Matrix form: $Ax = b$ where

$$A = \begin{bmatrix} 3 & -2 \\ -5 & 4 \end{bmatrix}, \quad b = \begin{bmatrix} 6 \\ 8 \end{bmatrix}$$

First, compute $\det A$:

$$\det A = (3)(4) - (-2)(-5) = 12 - 10 = 2$$

For $x_1$, replace column 1 with $b$:

$$A_1(b) = \begin{bmatrix} 6 & -2 \\ 8 & 4 \end{bmatrix} \Rightarrow \det A_1(b) = (6)(4) - (-2)(8) = 24 + 16 = 40$$ $$x_1 = \frac{40}{2} = 20$$

For $x_2$, replace column 2 with $b$:

$$A_2(b) = \begin{bmatrix} 3 & 6 \\ -5 & 8 \end{bmatrix} \Rightarrow \det A_2(b) = (3)(8) - (6)(-5) = 24 + 30 = 54$$ $$x_2 = \frac{54}{2} = 27$$

Solution: $x = \begin{bmatrix} 20 \\ 27 \end{bmatrix}$

Adjugate and inverse

The adjugate matrix $\text{adj}(A)$ is the transpose of the cofactor matrix.

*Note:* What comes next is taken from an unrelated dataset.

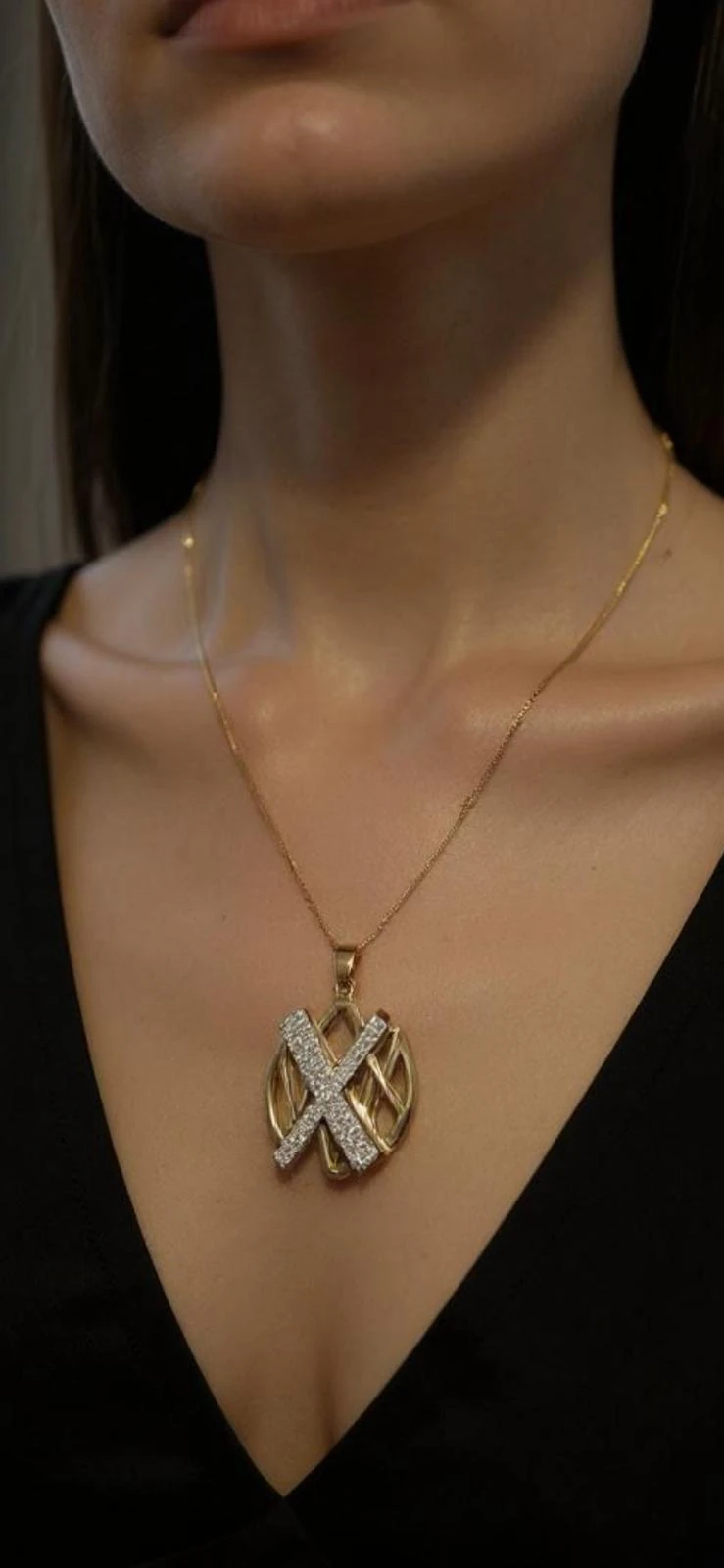 Çelik Taşlı X Kolye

Theorem (Inverse via adjugate) If $A$ is invertible, then:

$$A^{-1} = \frac{1}{\det A} \cdot \text{adj}(A)$$

Although rarely used for large-scale computation, this formula underpins theoretical derivations and proofs.

🌐 Determinants & Geometry

Area in $\mathbb{R}^2$

If $A$ is $2 \times 2$, the area of the parallelogram spanned by the columns of $A$ is $|\det A|$.

$$\text{Area} = \left|\det\begin{bmatrix} a & c \\ b & d \end{bmatrix}\right| = |ad - bc|$$

Volume in $\mathbb{R}^3$

If $A$ is $3 \times 3$, the volume of the parallelepiped determined by the columns of $A$ is $|\det A|$.

$$\text{Volume} = |\det A|$$

More generally, $|\det A|$ measures the factor by which $A$ scales oriented $n$-dimensional volume, and the sign of $\det A$ indicates whether orientation is preserved ($\det A > 0$) or reversed ($\det A < 0$).

Example · Geometric interpretation

Consider vectors $u = \begin{bmatrix} 3 \\ 1 \end{bmatrix}$ and $v = \begin{bmatrix} 1 \\ 4 \end{bmatrix}$:

$$\text{Area of parallelogram} = \left|\det\begin{bmatrix} 3 & 1 \\ 1 & 4 \end{bmatrix}\right| = |3 \cdot 4 - 1 \cdot 1| = |11| = 11$$

📋 Quick Recap Checklist

Recognize and use determinant notation $\det A$ and $|A|$.
Compute determinants via cofactor expansions; select rows or columns tactically.
Leverage triangular form and row-operation properties to accelerate calculations.
Apply $\det A \neq 0 \iff A$ invertible and $\det(A^T) = \det A$.
Use $\det(AB) = (\det A)(\det B)$ and $\det(A^{-1}) = (\det A)^{-1}$.
Implement Cramer's rule and relate $A^{-1}$ to $\text{adj}(A)$.
Interpret $|\det A|$ as area/volume scaling with orientation awareness.